Vertical slicing - a practical example

Vertical slicing - a practical example

In the previous article, we discussed developers' natural tendency to break down tasks horizontally and execute bottom-up (e.g. database first, API second, and finally the front end), why it can lead to a lot of delivery complexity, and how top-down vertical slicing with mocks and feature flags can eliminate a lot of this complexity, making life easier for both developer and project/product manager. See: Why you should vertically slice your stories (and how to do it)

In this article, let us see how a team can operationalise this with a practical example. Let us take the example from last time: a shopping cart for an e-commerce application.
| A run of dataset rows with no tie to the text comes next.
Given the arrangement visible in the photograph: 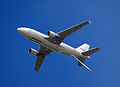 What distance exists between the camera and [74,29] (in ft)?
168

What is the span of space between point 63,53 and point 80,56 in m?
5.94

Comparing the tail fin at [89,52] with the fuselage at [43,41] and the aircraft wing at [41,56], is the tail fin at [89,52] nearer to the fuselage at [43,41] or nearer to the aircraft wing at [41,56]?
the fuselage at [43,41]

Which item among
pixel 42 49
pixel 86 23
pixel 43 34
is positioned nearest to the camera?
pixel 86 23

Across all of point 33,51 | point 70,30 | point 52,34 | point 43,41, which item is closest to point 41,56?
point 33,51

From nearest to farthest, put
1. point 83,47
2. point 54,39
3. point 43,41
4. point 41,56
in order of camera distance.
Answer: point 43,41 → point 54,39 → point 41,56 → point 83,47

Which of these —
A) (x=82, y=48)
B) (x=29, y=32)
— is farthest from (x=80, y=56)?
(x=29, y=32)

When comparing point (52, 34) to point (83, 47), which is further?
point (83, 47)

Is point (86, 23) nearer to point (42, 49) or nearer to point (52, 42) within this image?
point (52, 42)

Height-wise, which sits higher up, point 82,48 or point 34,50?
point 82,48

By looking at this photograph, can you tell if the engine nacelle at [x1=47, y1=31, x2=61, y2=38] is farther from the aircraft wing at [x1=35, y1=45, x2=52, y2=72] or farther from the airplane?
the aircraft wing at [x1=35, y1=45, x2=52, y2=72]

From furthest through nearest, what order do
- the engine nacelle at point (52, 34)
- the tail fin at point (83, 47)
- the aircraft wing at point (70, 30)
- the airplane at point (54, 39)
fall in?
1. the tail fin at point (83, 47)
2. the engine nacelle at point (52, 34)
3. the airplane at point (54, 39)
4. the aircraft wing at point (70, 30)

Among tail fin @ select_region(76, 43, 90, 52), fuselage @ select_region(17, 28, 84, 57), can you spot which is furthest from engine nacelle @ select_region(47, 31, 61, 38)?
tail fin @ select_region(76, 43, 90, 52)

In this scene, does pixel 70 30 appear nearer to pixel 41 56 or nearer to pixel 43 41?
pixel 43 41

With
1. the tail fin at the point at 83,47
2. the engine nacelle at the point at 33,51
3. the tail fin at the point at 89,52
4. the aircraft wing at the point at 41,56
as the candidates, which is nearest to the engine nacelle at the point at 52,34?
the aircraft wing at the point at 41,56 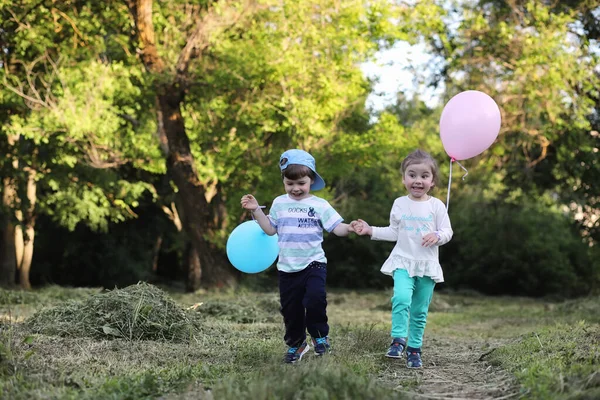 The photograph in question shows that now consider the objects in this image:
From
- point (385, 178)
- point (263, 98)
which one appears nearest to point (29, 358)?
point (263, 98)

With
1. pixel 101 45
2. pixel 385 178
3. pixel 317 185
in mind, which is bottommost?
pixel 317 185

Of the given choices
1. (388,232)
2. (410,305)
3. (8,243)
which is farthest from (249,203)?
(8,243)

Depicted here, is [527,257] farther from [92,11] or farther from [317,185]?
[317,185]

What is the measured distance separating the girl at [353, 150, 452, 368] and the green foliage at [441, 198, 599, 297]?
68.4 ft

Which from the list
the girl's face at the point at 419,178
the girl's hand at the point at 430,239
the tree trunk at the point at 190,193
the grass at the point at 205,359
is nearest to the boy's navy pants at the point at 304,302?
the grass at the point at 205,359

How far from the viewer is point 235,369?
17.1 ft

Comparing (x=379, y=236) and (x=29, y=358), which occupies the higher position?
(x=379, y=236)

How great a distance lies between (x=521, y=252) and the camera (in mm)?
27484

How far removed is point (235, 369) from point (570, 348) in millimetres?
2503

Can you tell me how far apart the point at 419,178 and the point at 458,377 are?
1.53 metres

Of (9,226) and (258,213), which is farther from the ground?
(9,226)

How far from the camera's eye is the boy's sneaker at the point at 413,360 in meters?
5.92

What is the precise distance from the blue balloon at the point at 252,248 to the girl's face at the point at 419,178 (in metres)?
1.54

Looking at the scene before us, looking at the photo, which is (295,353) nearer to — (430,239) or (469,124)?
(430,239) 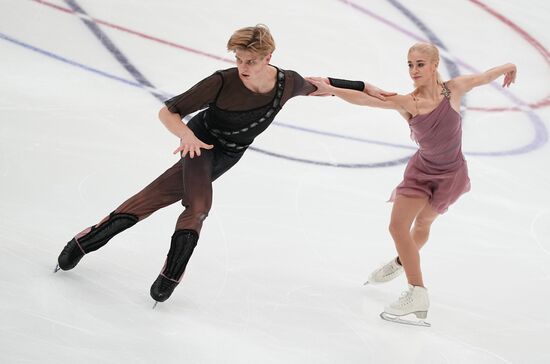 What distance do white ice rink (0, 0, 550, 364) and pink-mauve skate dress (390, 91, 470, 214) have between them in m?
0.50

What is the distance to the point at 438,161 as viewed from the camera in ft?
13.7

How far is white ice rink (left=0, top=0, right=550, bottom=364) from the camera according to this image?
3.56 metres

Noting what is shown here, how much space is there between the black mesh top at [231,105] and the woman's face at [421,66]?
18.7 inches

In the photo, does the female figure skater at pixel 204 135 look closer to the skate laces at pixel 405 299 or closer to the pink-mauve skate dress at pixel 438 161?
the pink-mauve skate dress at pixel 438 161

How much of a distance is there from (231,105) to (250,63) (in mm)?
224

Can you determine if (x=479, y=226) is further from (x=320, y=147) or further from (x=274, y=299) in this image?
(x=274, y=299)

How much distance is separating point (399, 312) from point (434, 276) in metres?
0.56

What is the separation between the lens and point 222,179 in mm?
5137

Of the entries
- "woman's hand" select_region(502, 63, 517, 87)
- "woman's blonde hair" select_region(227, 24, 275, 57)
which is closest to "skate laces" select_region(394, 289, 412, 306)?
"woman's hand" select_region(502, 63, 517, 87)

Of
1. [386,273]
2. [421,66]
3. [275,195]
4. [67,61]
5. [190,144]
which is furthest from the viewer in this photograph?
[67,61]

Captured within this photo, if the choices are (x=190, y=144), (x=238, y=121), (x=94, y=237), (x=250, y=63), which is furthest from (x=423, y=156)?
(x=94, y=237)

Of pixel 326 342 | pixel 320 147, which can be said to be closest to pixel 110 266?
pixel 326 342

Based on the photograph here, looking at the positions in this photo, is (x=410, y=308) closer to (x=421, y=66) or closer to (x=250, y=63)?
(x=421, y=66)

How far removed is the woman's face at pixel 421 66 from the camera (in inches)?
156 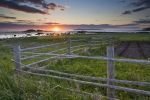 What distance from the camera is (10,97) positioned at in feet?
16.6

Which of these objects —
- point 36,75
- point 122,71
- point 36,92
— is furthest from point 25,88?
point 122,71

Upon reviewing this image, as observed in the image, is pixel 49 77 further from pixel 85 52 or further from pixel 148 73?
pixel 85 52

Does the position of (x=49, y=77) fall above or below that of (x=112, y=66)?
below

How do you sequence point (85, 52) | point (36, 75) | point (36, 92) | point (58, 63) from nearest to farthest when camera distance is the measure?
1. point (36, 92)
2. point (36, 75)
3. point (58, 63)
4. point (85, 52)

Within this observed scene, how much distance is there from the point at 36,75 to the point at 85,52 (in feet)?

Image from: Balsamiq Wireframing Academy

In most organisations, the entire shopping cart functionality tends to be a single story. However, such stories are too large because they represent an entire workflow, consisting of a long chain of user interactions, e.g. navigate to the shopping cart, review the items, add/remove items, review the estimated total, go to checkout.

One of the most effective and logical ways to start vertical slicing is by breaking a workflow down into atomic user interactions. For example, in this case:

  1. Shopping cart - navigate to cart from main menu
  2. Shopping cart - show items currently in cart (name, description, image, price, quantity)
  3. Shopping cart - increase or decrease item quantity
  4. Shopping cart - remove item
  5. Shopping cart - show estimate total

In a task tracker, these can be individual tickets (hence the fully qualified ticket title prefixed with "Shopping cart").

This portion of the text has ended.